Bu Chris Bucholtz
Just today on the Focus Blog I wrote about a great study TOA Technologies did gauging the experiences of customers waiting for installers/delivery people in the cable, telecommunications and satellite industries. Sadly, the numbers are exactly what you’d expect: many people feel that the companies they buy these services from really couldn’t give two figs about their time.
Waiting for the “cable guy” is a weirdly anachronistic activity that all too many of us have to engage in. The numbers in the survey show that 82 percent of us wait for at least a day a year, while 63 percent wait two days or more. When you consider that this amounts to you trading in your scarce vacation days for the honor of sitting and waiting (and hoping the technician shows up and is able to fix the problem), this is something people should - and do - take very personally.
I know I do. Here’s my story: I live in sleepy Alameda, a town of about 40,000 on an island just west of Oakland, California. Until earlier this year, we had our own dumpy little cable company, which was taken over by Comcast, whose first moves were to raise the prices, drop several channels from the package I had, and then restrict our Internet bandwidth (a nugget I pulled out of a technician who came to investigate my complaints and solved them by adjusting the amount of signal from a control box down the street). They also air commercials all over local TV incessantly, so I guess we know where their customer efforts are focused (new customer acquisition).

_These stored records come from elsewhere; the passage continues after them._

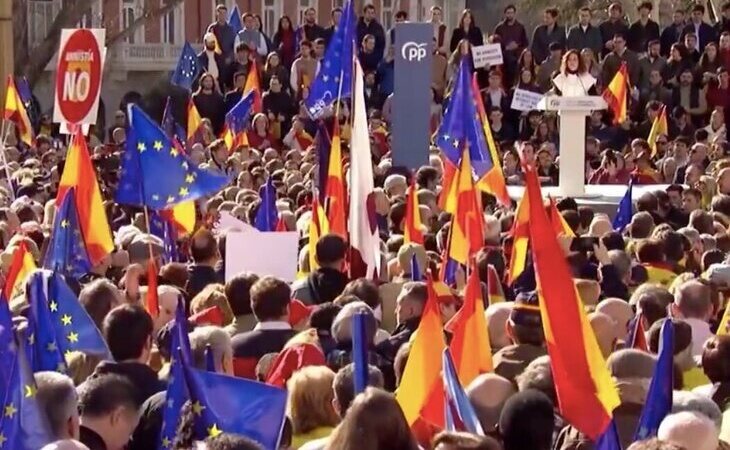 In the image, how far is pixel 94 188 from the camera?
10844 millimetres

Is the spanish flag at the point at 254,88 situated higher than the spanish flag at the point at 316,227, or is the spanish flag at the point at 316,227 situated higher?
the spanish flag at the point at 254,88

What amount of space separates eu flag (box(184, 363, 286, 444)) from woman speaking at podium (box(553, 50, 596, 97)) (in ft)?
40.9

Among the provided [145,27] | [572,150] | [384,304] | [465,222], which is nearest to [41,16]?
[145,27]

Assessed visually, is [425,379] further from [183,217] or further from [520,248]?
[183,217]

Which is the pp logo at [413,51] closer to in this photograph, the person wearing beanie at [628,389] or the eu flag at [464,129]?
the eu flag at [464,129]

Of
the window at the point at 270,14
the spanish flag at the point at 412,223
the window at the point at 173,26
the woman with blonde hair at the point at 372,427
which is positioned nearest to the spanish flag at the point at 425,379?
the woman with blonde hair at the point at 372,427

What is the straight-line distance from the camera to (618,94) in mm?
22062

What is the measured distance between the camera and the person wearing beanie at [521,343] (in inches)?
285

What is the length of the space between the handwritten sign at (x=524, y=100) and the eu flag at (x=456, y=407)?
635 inches

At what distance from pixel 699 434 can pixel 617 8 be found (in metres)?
20.1

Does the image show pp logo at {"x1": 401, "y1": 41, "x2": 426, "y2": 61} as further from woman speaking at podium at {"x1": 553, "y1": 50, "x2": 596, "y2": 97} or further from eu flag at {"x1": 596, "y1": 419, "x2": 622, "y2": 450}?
eu flag at {"x1": 596, "y1": 419, "x2": 622, "y2": 450}

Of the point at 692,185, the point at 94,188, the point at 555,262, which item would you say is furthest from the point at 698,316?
the point at 692,185

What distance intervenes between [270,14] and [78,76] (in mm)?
34722

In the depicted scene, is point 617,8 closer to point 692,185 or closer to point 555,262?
point 692,185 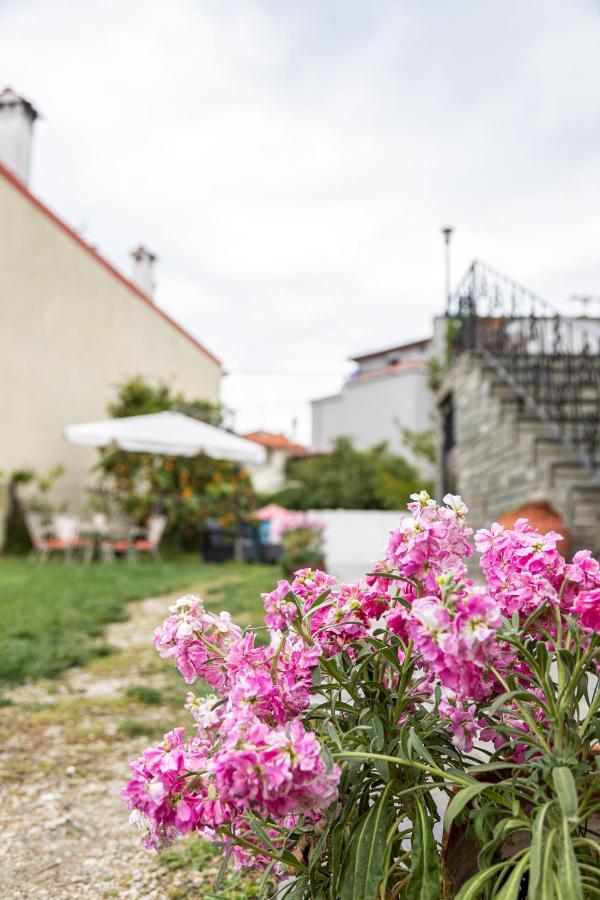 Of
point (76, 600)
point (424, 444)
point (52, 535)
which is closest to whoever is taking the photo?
point (76, 600)

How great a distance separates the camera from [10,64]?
12.9 metres

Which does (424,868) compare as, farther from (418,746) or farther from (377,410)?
(377,410)

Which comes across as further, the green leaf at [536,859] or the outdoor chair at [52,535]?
the outdoor chair at [52,535]

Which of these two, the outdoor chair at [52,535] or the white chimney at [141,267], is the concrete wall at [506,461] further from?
the white chimney at [141,267]

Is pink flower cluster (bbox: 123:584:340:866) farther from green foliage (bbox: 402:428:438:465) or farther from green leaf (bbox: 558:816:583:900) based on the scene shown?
green foliage (bbox: 402:428:438:465)

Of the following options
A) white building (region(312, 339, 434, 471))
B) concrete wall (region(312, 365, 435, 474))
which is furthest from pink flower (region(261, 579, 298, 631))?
white building (region(312, 339, 434, 471))

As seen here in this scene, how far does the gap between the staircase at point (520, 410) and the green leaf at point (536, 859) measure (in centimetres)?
468

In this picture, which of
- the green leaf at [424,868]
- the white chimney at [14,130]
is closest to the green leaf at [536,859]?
the green leaf at [424,868]

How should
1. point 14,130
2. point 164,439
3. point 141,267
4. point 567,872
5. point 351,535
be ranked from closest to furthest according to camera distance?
point 567,872 → point 351,535 → point 164,439 → point 14,130 → point 141,267

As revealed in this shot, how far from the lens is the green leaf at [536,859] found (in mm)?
714

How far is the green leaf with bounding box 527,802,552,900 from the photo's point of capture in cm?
71

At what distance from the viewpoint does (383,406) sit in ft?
80.2

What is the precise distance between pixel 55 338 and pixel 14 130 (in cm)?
393

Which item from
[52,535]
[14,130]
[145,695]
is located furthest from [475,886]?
[14,130] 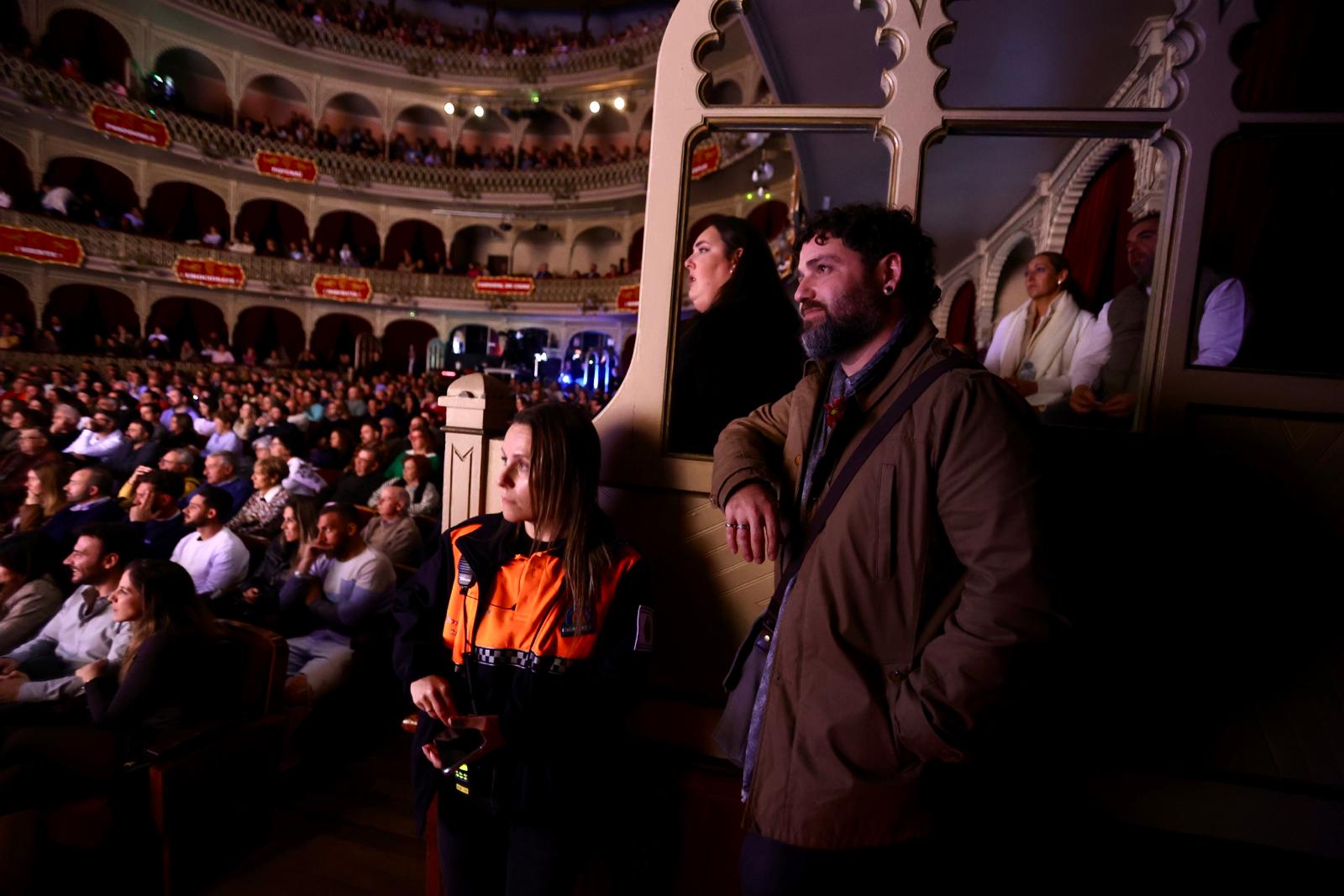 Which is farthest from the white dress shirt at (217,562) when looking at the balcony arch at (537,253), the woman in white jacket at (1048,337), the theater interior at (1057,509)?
the balcony arch at (537,253)

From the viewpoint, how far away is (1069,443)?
1.68 metres

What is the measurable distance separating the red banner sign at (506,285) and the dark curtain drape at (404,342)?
2.67m

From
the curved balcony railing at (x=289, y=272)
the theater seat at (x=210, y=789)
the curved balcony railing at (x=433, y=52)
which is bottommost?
the theater seat at (x=210, y=789)

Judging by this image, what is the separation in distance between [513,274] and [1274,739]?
67.8ft

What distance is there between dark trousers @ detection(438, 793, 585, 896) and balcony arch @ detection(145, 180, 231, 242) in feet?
68.6

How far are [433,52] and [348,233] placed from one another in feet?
19.6

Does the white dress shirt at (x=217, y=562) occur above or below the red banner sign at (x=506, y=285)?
below

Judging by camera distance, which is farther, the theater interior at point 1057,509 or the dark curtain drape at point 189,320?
the dark curtain drape at point 189,320

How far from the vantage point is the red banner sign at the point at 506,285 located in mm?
19562

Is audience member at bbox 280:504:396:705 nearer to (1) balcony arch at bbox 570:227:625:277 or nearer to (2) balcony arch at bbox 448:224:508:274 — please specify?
(1) balcony arch at bbox 570:227:625:277

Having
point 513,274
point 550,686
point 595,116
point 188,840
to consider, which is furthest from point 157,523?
point 595,116

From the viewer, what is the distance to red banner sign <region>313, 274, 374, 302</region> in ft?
60.4

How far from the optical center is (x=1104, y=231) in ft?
14.6

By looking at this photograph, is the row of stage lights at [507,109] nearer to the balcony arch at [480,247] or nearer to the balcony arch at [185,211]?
the balcony arch at [480,247] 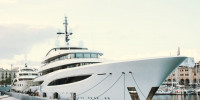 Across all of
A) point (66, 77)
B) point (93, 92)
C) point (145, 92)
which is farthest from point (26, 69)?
point (145, 92)

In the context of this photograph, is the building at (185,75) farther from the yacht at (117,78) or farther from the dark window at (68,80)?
the yacht at (117,78)

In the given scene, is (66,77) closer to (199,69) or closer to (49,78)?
(49,78)

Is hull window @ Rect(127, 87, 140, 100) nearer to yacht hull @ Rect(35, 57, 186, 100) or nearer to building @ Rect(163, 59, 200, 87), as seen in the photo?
yacht hull @ Rect(35, 57, 186, 100)

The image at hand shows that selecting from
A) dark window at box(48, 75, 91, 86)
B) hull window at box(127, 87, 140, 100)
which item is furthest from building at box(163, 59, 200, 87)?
hull window at box(127, 87, 140, 100)

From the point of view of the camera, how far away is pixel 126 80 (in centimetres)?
1819

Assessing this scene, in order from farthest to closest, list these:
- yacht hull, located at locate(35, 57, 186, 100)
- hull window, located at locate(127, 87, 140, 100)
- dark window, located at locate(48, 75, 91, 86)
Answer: dark window, located at locate(48, 75, 91, 86) → hull window, located at locate(127, 87, 140, 100) → yacht hull, located at locate(35, 57, 186, 100)

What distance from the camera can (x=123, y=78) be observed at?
18.3m

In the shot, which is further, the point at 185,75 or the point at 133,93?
the point at 185,75

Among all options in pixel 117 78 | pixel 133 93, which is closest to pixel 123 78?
pixel 117 78

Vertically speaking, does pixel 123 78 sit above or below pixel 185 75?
above

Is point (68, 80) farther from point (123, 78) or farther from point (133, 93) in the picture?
point (133, 93)

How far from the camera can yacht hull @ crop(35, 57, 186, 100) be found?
17266 millimetres

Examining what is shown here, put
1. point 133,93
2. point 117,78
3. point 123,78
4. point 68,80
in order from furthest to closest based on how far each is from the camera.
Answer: point 68,80, point 117,78, point 123,78, point 133,93

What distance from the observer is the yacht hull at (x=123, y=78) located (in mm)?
17266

Comcast didn’t get to where it is by being dumb. By that I do not mean dumb about customer relationships. I mean dumb about doing what’s best for Comcast. The company decided to make half our basic channels digital (for reasons I have yet to hear explained very well). In order to see all the channels you’re being gouged for, the subscriber needs to hook up a converter and an additional box to his televisions – all of them – and use a new remote control. Toward that end, Comcast sent me two very large boxes filled with converters, remote units, cables, and many, many booklets.
So, instead of having to wait on a technician, I get to take a half a day to assemble this collection of stuff – pull out the TV, screw and unscrew multiple wires into multiple boxes, then call to activate them – just so I can continue to get what I’m paying for. Well, that sure beats a technician’s visit! I mean, from Comcast’s point of view. They could save a fortune if they could get the customers to do all their own field support!
From my point of view – y’know, that of the customer – it’s a massive pain. I look at the pile of devices that right now take up most of my dining room table and I can only imagine what this mound of technology looks like to an older, less tech-savvy person. Any money Comcast is saving by having all its customers go DIY is going to be eaten up by calls to the call center, and the result is not going to be happier customers.
I know Comcast’s Frank Eliason is a real social CRM guru (in fact, he’s a Rock Star of Social CRM!), but the stuff I and other subscribers suffer through is not going to be solved by some responsive Twittering. This is CRM sub-1.0 stuff – don’t make it hard for people to use your products and services. Companies do this by failing to create customer-centric processes and instead basing all decisions on what’s best for the company.
The one thing Comcast could have done to make this more palatable would have been to encase my mandatory new remote in that Nerf material. Then I could have thrown it at the TV every time I see a Comcast commercial.